The page body is unused for every layout except #home-tag-columns, where the custom excerpt renders as a small eyebrow above the columns. You can leave the body empty.

Publish

Click Publish. The row will appear on the homepage at a position based on the page's publish date — newest pages sit at the top of the band.

Republish to reposition

Row order follows the page's published_at date, newest first. To bring an existing row to the top of the band, edit the recipe page and re-publish (or update the publish date).


Pick a layout

Every #home-* layout — what it looks like, how many posts it shows, and what kind of desk it suits — is documented with screenshots on its own page:


Hiding a section row

A row only renders if the recipe page exists, is published, and has at least one post (or, for #home-tag-columns, at least one column with posts). To hide a row temporarily:

  • Set the recipe page to draft in Page settings → Publish status. The row disappears until you re-publish.
  • Delete the recipe page to remove the row permanently.
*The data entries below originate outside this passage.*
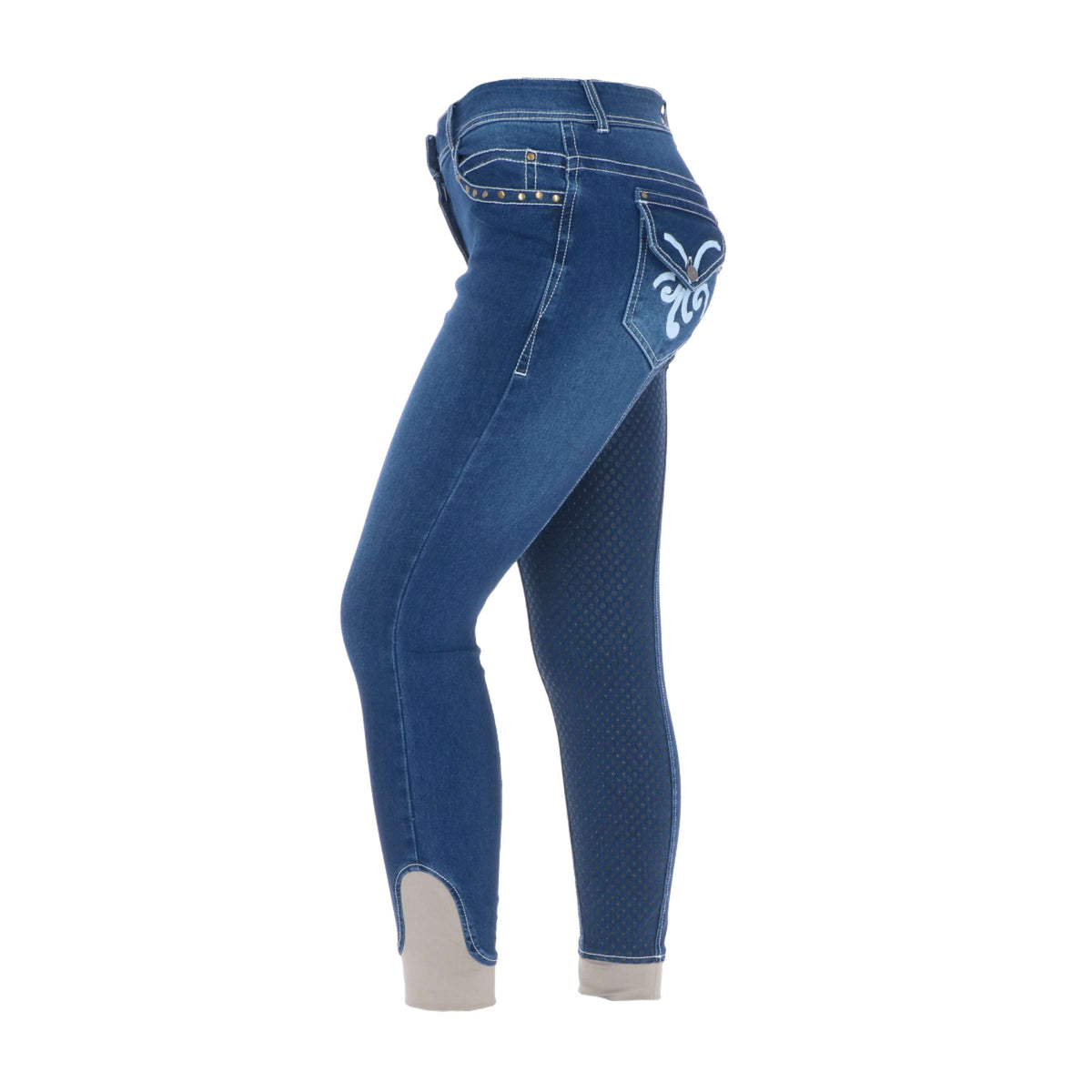 HKM Pantalón de Equitación Pasadena Summer Denim Asiento de Silicona Jeans azul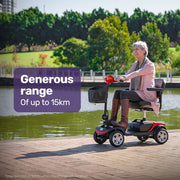 EQUIPMED FreeRoam+ Mid-Sized Lithium Fast Easy Charge Mobility Scooter, Red V219-HMBMSCEQ3LRA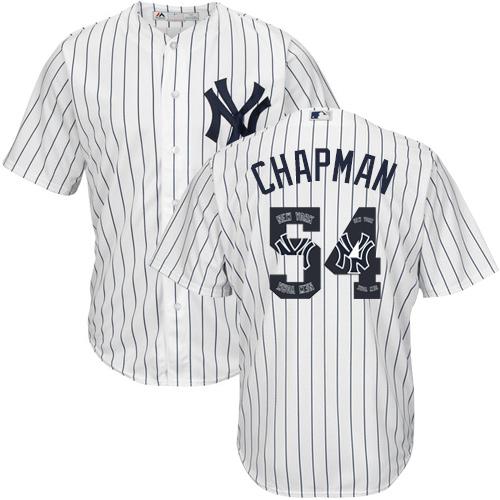 Yankees #54 Aroldis Chapman White Strip Team Logo Fashion Stitched MLB Jersey - Click Image to Close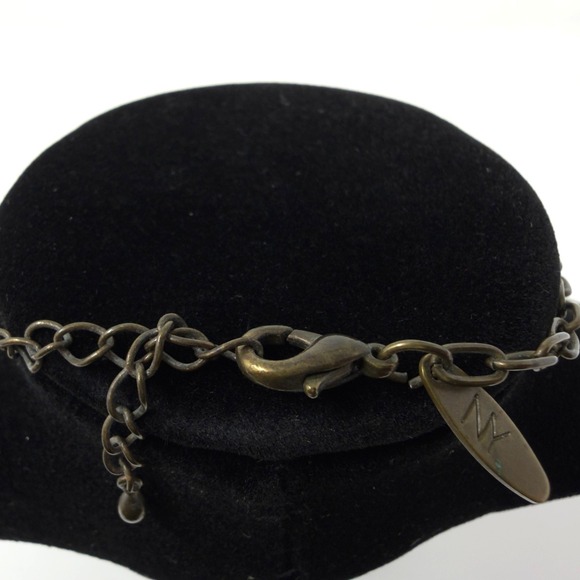 Vintage NY Pendant Beaded Necklace Amber Crystal Boho 10.5 Inch - Picture 5 of 7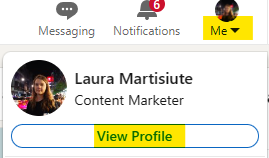 "View Profile" button on LinkedIn 
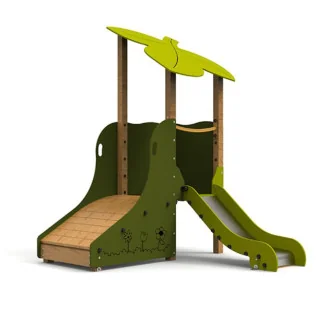 Structure aire de jeux enfant - Toboggan feuille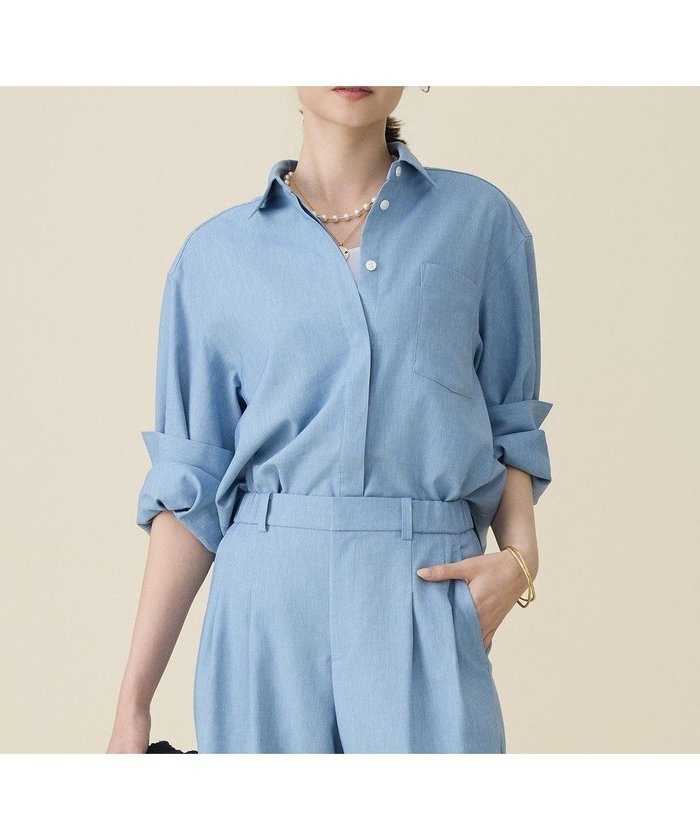 【自由区/JIYU-KU】の【セットアップ対応】ソフトリネンダンガリー シャツ インテリア・キッズ・メンズ・レディースファッション・服の通販 founy(ファニー) https://founy.com/ ファッション Fashion レディースファッション Fashion for Women トップス・カットソー Cut & Sew Tops シャツ・ブラウス・オフィスカジュアル Elegant Blouses & Button-Ups セットアップ Matching Sets レディーストップス・ブラウス Tops & Blouses / Assorted Women's Tops ストレッチ Stretch, Stretchy Fabric セットアップ Set-Up, Coordinated Outfit リラックス Relax, Relaxed Fit ワイド Wide, Wide Fit エレガント 上品 Elegant 夏 Summer 春 Spring S/S・春夏 SS, Spring/Summer, Warm Season |ID: prp329100004791677 ipo3291000000034768032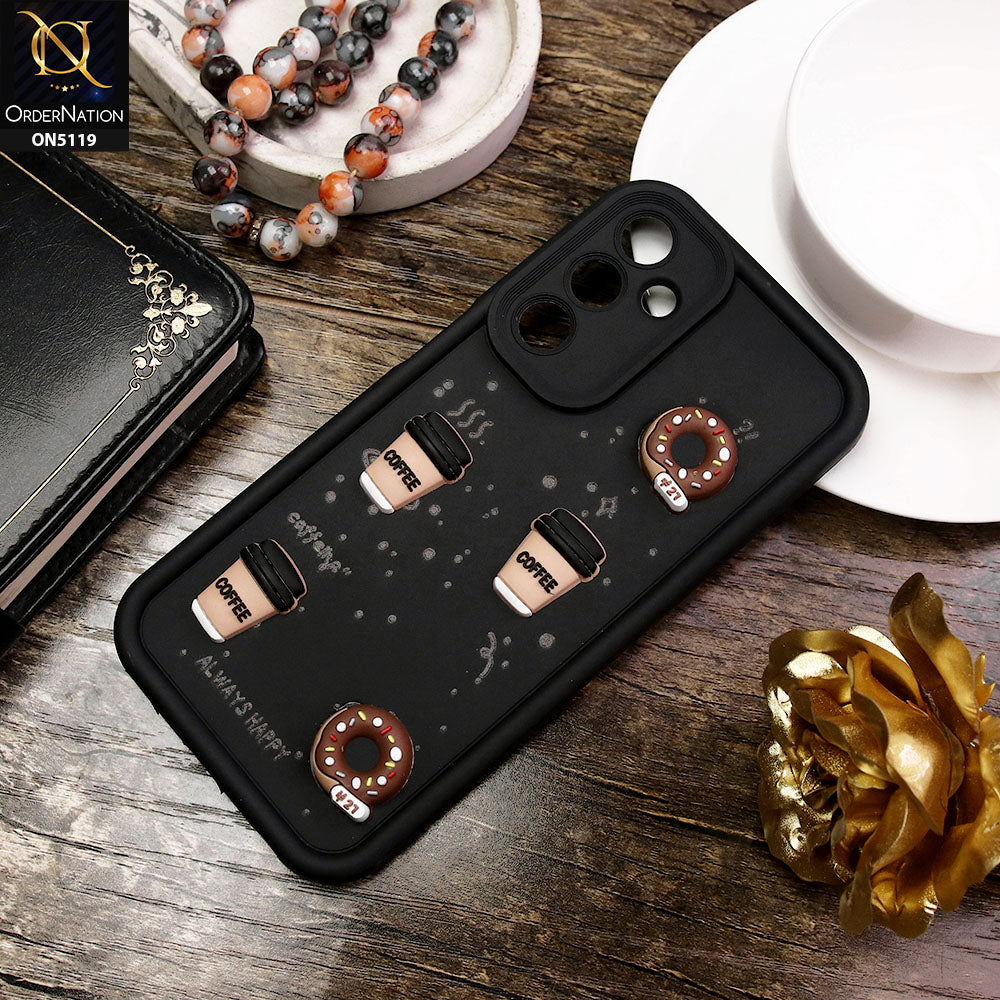 Samsung Galaxy A25 5G Cover - Black - D1 - Cute 3D Donut Coffee Soft Silicon Case with Camera Protection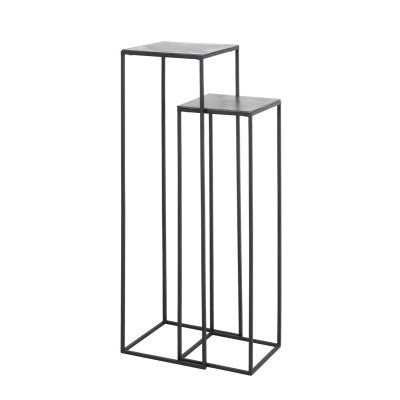Boca Set of 2 Raw Lead Antique Matt Black Metal Plinths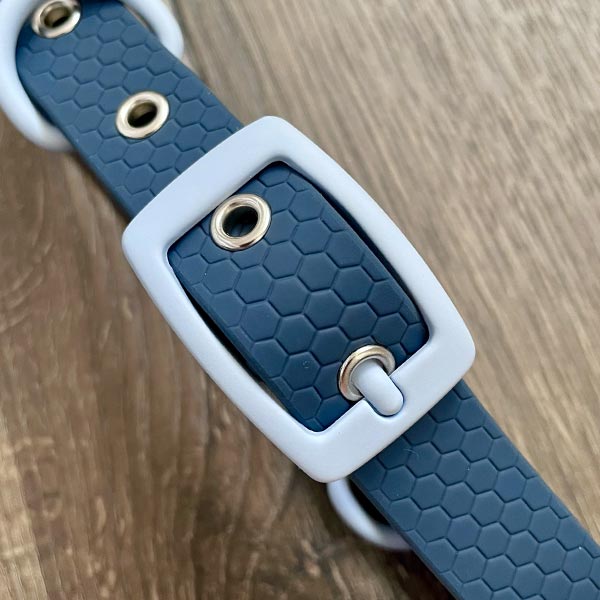 Blue Pastel Hex Waterproof Dog Collar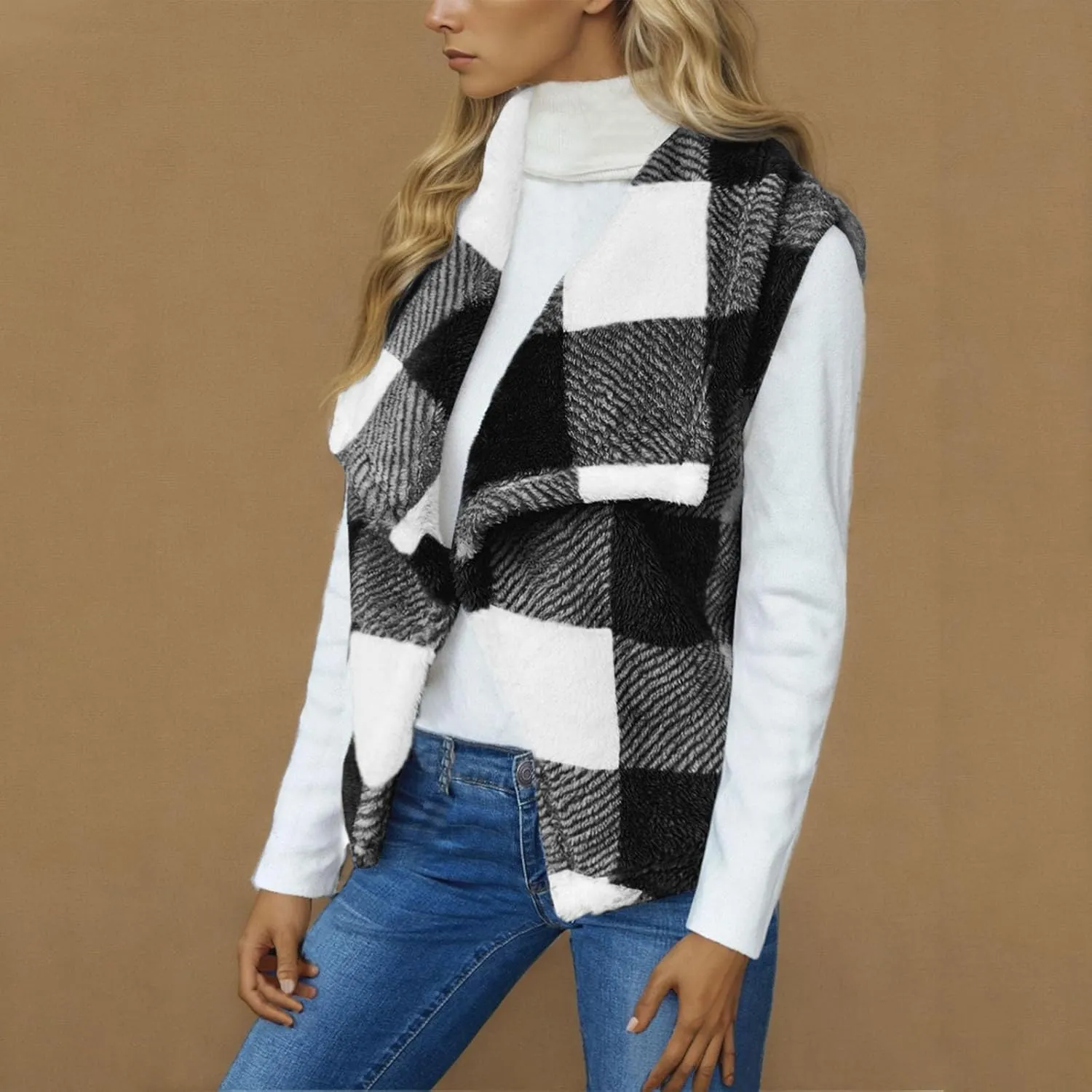 Coats for Women Plaid Open Front Jackets Trendy Plaid Outerwear Oversized Warm Fuzzy Fleece Cardigan Outwear with Pockets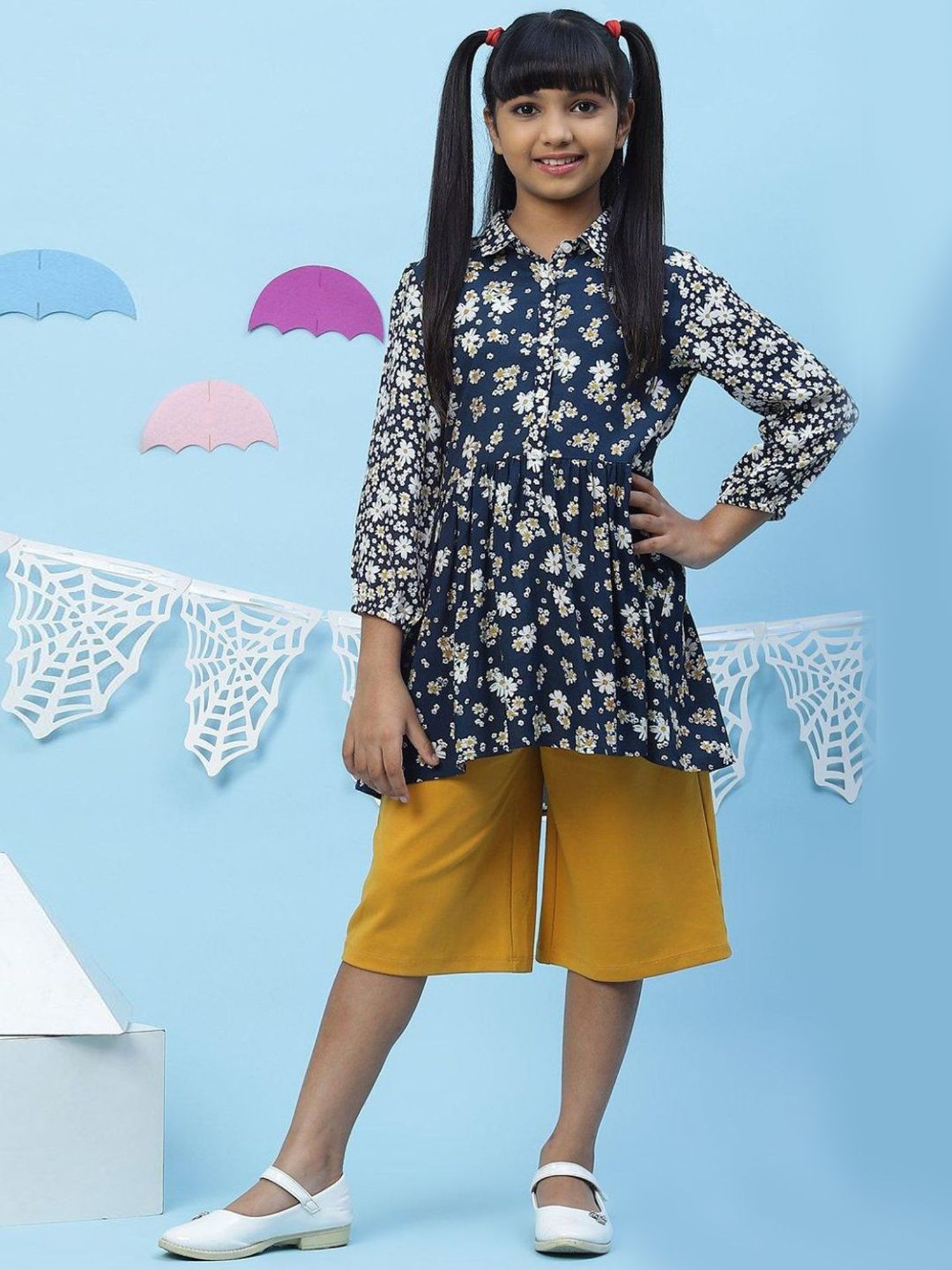 BIBA Girls Navy Floral Print Dress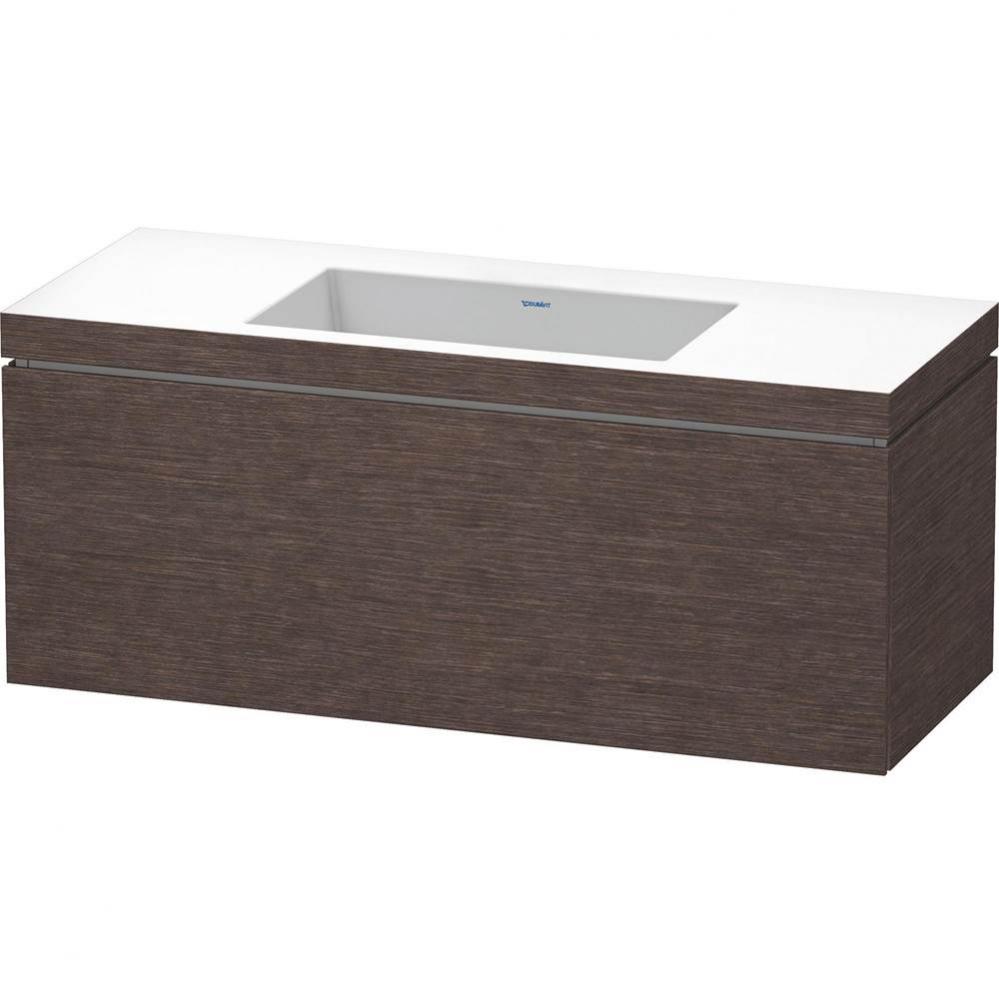 L-Cube One Drawer C-Bonded Wall-Mount Vanity Kit Dark Brushed Oak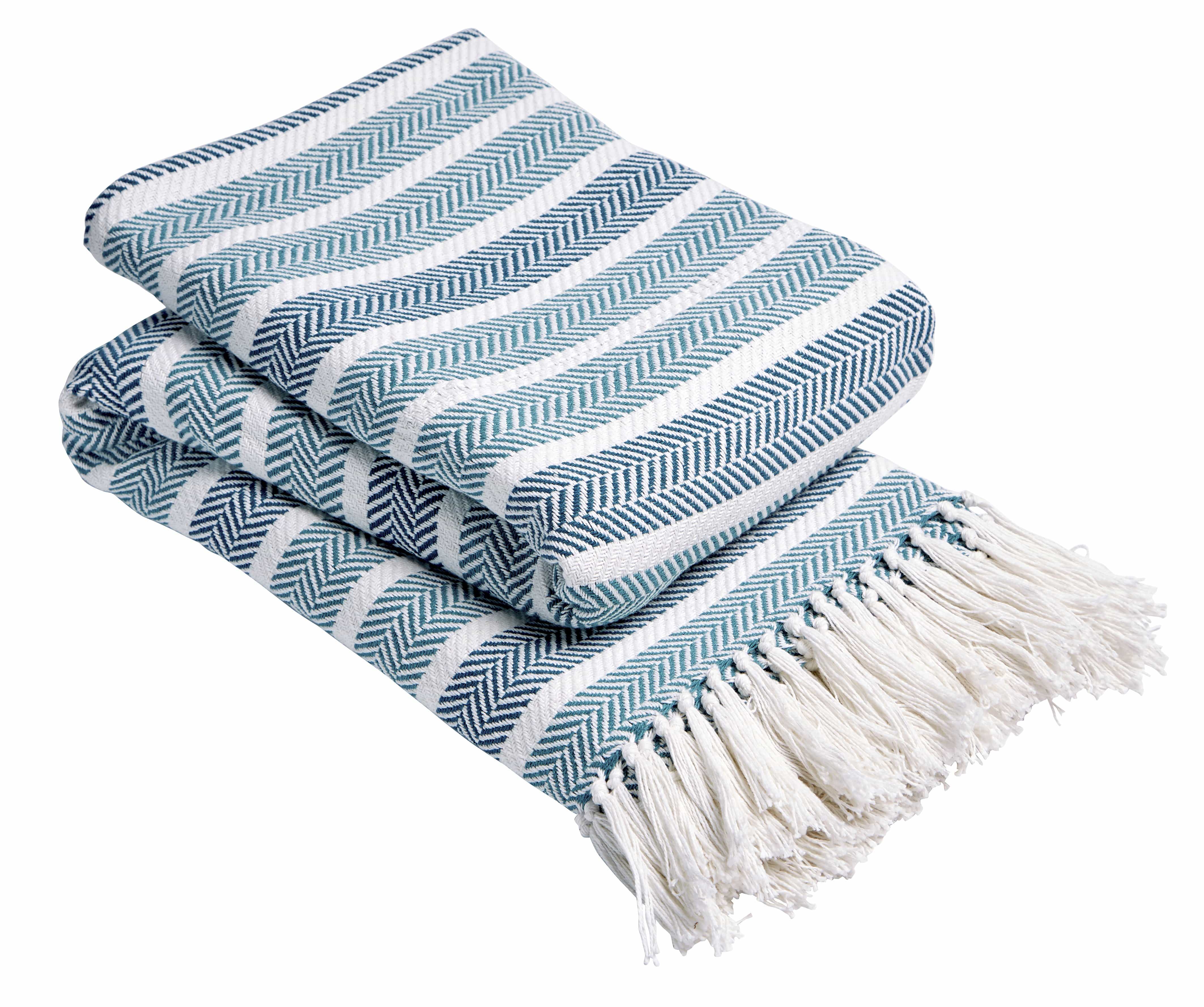 Stripe Handwoven Pure Cotton Throw Blanket with Tassells Eco-Friendly Perfect for Sofa Bed and Home Decor Available in Multiple Sizes and Calming Colours by OLIVIA ROCCO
You don't have to touch the posts themselves — they stay published at their own URLs and in their tag archives; they're just no longer pinned to a homepage row.


Designing your section cadence

Each desk gets one recipe page. Pick the layout that fits the desk's editorial shape — a long briefing queue gets #home-briefing-carousel, a markets desk with one lead gets #home-asymmetric-lead-list, an opinion section gets #home-opinion-hedcut. You don't have to use all nine; pick the ones that match your sections.

A typical setup:

  • Lead investigation / day's biggest story#home-feature-package (or #home-feature-rail when the four supporting stories should read as equals)
  • Markets / Politics desk#home-asymmetric-lead-list
  • Opinion#home-opinion-hedcut
  • Briefing / digest#home-briefing (or #home-briefing-carousel for a longer queue)
  • Section index row#home-tag-columns on a page with the section tags attached
  • General news, features, everything else#home-standard-3-column-grid (or #home-standard-4-column-grid for a high-volume desk, four across on large screens)
  • An ad between sections#home-ad (see Ads for the creative workflow)

Up to 30 recipe pages are rendered on the homepage. Past that, the oldest pages stop appearing — keep the band trimmed to the rows you actually want above the archive tail.